Vous parlez beaucoup d’indianocéanité. Que recouvre ce concept ?
L’Indianocéanité est la base, le fondement, le socle culturel de la coopération communautaire que nous voulons promouvoir pour constituer la future Union indianocéanique. L’Indianocéanité concerne les pays représentés au sein de la Commission de l’océan Indien, (C.O.I.)
C’est ce patrimoine culturel issu de l’Histoire, de la politique, du mouvement et des métissages des populations, des langues, etc. que ces pays partagent entre eux dans un espace insulaire bien délimité qui constitue l’Indianocéanité.
C’est ce patrimoine partagé qui fait que les peuples sont des peuples réellement cousins et qui peut faire penser qu’il leur serait possible et intéressant d’organiser entre eux, une union, un partage de leurs ressources pour construire un avenir commun dans le respect, bien entendu, des réalités nationales et locales respectives des uns et des autres.
Dans cet esprit communautaire, possible en raison du socle culturel commun, la coopération ne se passe plus entre pays riches qui donnent et pays pauvres qui reçoivent, mais entre peuples différents, mais d’une même famille qui, tous, donnent selon leurs moyens et qui, tous, reçoivent selon leurs besoins. Dans cet esprit et dans ce fonctionnement communautaire, l’objectif est le développement de l’Indianocéanie, globalement. Les disparités actuelles des situations matérielles et morales entre nos îles devront s’atténuer et, à terme, disparaître.

En quoi la F.C.O.I. peut-elle permettre le développement de l’Indianocéanité ?

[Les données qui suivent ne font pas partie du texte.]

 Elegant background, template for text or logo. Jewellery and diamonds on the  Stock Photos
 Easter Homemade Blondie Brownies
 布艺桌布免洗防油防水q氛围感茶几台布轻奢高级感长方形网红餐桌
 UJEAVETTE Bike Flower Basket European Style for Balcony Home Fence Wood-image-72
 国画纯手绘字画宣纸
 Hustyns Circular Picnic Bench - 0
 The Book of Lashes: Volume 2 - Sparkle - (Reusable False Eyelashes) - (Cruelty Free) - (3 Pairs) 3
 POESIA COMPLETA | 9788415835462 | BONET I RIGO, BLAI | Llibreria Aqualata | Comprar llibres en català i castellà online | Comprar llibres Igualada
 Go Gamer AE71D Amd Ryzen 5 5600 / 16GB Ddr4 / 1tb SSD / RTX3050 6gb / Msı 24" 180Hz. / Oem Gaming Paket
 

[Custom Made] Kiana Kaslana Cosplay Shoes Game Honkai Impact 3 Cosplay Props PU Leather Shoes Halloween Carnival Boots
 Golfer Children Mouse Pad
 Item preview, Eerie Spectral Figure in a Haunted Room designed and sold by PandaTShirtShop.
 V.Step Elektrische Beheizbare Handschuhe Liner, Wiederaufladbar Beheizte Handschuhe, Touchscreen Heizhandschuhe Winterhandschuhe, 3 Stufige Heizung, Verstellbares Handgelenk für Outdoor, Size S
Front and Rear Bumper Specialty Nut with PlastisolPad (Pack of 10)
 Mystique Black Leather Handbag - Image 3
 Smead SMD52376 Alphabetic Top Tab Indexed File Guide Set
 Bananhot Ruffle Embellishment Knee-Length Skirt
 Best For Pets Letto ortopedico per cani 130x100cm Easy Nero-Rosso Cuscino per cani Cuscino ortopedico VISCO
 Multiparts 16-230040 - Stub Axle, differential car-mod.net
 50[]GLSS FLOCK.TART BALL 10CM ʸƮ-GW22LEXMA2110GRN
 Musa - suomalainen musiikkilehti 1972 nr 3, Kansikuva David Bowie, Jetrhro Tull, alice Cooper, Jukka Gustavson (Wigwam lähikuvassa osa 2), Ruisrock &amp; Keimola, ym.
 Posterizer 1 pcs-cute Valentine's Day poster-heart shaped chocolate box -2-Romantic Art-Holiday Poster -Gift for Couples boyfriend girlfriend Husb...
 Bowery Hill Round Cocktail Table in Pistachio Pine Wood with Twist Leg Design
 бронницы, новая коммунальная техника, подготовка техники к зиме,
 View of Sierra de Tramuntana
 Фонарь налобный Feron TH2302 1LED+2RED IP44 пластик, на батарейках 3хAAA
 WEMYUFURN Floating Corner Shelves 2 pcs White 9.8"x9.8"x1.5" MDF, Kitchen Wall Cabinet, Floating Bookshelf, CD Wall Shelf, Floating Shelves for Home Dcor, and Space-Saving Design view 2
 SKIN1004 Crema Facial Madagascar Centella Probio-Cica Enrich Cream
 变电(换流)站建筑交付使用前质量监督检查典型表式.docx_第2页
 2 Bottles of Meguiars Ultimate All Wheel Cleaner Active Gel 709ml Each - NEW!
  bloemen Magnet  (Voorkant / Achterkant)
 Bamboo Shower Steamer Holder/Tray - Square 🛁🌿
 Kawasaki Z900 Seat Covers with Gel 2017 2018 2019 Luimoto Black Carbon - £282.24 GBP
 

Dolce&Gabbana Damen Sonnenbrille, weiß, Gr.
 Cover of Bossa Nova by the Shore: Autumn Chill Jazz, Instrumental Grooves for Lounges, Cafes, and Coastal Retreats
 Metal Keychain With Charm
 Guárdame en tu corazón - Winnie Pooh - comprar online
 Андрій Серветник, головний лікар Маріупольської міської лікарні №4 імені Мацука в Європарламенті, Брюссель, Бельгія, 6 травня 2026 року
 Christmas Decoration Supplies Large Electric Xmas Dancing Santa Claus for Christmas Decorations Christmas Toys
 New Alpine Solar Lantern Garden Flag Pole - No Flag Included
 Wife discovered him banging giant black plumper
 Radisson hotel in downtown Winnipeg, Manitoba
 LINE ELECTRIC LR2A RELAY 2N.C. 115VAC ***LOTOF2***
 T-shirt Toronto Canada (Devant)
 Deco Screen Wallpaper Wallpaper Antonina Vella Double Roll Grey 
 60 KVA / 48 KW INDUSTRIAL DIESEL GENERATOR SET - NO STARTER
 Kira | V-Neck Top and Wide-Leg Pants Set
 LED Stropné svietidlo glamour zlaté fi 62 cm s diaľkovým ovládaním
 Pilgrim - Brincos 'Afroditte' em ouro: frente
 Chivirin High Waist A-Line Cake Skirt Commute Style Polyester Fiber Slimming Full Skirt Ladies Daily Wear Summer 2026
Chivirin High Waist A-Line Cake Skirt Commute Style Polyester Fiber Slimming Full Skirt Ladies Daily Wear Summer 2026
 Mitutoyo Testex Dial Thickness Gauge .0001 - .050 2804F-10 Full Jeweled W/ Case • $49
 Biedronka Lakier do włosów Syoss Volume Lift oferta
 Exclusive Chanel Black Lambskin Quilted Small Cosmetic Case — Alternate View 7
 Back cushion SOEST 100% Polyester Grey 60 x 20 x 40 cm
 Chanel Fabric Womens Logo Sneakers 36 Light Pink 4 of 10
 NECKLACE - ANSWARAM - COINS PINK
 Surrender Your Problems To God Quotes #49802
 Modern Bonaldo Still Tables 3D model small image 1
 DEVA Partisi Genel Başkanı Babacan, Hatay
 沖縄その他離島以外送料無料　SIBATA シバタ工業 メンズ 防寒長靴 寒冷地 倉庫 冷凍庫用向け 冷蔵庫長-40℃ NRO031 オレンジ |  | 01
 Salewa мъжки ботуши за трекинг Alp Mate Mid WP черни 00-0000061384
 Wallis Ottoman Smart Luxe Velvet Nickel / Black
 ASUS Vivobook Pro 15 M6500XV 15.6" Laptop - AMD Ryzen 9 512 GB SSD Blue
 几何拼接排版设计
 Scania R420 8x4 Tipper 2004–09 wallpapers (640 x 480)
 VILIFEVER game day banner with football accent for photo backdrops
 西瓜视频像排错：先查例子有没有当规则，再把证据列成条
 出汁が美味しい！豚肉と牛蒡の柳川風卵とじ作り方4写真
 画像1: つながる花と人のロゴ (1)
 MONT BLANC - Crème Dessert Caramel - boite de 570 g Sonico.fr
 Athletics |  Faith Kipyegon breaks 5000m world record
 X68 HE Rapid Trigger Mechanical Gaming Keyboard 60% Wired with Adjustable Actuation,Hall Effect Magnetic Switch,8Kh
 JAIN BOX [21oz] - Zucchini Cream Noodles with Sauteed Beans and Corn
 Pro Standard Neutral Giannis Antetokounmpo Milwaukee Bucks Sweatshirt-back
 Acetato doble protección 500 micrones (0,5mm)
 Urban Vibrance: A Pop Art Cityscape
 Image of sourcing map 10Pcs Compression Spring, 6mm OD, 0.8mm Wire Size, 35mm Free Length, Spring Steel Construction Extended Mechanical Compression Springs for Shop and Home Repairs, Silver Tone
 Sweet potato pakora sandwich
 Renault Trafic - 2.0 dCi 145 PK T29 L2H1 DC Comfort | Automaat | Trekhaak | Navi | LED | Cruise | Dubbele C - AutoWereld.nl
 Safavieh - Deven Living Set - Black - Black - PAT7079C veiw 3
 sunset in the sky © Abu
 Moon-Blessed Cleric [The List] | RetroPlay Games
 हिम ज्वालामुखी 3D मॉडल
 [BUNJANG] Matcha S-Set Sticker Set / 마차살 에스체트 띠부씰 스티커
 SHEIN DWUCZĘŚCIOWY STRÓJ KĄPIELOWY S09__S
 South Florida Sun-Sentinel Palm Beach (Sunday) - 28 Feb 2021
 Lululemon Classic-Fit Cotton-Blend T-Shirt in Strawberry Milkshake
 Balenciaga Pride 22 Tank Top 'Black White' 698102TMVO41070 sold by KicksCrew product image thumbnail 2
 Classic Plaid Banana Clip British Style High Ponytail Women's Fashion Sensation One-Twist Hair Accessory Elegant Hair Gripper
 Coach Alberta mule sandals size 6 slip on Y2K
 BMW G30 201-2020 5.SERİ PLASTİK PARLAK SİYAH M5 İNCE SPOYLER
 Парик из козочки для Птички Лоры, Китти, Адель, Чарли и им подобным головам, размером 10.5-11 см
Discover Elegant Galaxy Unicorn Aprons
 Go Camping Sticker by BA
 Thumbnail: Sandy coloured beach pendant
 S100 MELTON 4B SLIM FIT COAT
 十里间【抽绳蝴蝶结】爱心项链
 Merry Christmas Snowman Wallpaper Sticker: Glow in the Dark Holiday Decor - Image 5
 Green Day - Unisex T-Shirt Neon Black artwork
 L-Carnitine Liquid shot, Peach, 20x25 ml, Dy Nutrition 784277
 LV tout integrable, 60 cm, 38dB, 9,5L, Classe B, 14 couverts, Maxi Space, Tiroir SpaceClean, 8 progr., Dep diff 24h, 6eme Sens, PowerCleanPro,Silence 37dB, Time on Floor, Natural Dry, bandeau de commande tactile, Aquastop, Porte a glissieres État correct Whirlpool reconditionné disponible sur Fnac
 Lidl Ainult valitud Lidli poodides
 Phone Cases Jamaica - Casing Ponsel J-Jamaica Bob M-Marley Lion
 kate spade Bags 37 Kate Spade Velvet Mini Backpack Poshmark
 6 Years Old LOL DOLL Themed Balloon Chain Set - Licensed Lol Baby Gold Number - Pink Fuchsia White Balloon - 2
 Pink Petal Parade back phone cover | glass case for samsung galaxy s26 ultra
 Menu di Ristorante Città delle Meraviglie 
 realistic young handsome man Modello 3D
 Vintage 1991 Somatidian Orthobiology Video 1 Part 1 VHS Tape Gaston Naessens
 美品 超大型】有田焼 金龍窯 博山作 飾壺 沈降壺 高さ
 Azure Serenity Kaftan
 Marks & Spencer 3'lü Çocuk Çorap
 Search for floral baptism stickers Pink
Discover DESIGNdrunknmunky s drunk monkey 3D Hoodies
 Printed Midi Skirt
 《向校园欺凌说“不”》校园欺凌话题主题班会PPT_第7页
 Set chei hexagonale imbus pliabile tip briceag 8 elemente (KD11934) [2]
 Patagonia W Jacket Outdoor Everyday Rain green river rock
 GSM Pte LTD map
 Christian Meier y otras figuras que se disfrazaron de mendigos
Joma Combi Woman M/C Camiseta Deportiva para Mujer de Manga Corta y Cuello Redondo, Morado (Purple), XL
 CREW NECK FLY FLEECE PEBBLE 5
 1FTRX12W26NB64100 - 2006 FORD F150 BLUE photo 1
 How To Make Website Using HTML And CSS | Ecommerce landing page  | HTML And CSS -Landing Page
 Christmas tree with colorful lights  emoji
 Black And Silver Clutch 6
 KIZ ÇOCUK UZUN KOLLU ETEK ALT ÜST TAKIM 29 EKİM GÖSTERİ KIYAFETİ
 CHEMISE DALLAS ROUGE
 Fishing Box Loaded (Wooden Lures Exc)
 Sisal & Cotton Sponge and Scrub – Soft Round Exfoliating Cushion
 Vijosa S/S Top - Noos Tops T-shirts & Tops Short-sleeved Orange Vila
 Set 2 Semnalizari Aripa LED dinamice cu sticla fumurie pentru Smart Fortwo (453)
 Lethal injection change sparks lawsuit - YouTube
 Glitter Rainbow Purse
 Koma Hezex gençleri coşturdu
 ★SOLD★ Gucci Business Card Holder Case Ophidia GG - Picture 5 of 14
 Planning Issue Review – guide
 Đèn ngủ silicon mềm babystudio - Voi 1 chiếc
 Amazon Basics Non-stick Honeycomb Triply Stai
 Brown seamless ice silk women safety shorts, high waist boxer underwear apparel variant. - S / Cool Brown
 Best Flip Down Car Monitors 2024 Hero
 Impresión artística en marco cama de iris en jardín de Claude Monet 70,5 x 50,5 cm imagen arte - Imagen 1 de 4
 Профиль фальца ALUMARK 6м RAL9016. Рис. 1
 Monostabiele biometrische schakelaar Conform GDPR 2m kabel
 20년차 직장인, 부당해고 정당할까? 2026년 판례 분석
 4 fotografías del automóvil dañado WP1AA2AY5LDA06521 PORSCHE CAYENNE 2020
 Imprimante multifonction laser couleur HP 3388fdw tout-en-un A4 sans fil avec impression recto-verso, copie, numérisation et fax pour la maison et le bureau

La F.C.O.I. permettra le développement de l’Indianocéanité si elle réussit à faire partager la vision communautaire que supposent l’Indianocéanie, le concept d’Indianocéanité par les opinions publiques, les sociétés civiles, les acteurs économiques, sociaux, culturels, les États indianocéaniens et la communauté économique.
Ce patrimoine indianocéanien, permettant aux pays qui le partagent de travailler plus étroitement ensemble s’ils en ont la volonté, élargira les bases du développement pour chacun d’eux : marchés intérieurs, échelle des moyens de l’export, capacités de mises en valeur, désinsularisation, espaces d’activités, poids de leur présence dans le monde, etc. Avec leurs bases propres, les États de l’Union pourront mieux négocier des aides extérieures dans le sens d’un développement plus rapide et durable de leur pays, unis au sein de la communauté, mais aussi dans le cadre de négociations bilatérales.
Il faudrait cependant que les États se dotent de l’outil de cette politique. Cet outil existe, c’est la C.O.I. Mais une autre C.O.I. Les nouvelles orientations de la commission vont dans le bon sens, mais pas suffisamment. La C.O.I. ne doit plus être ce qu’elle est pratiquement devenue, une agence technique de mise en œuvre des projets financés par l’Union européenne exclusivement.
L’entreprise est ambitieuse. Il est difficile, dans le cadre de cet entretien, d’ouvrir toutes les perspectives. En tout état de cause, il faudra avancer sûrement, donc progressivement, en s’armant de patience, raison de plus pour s’y mettre sans trop attendre.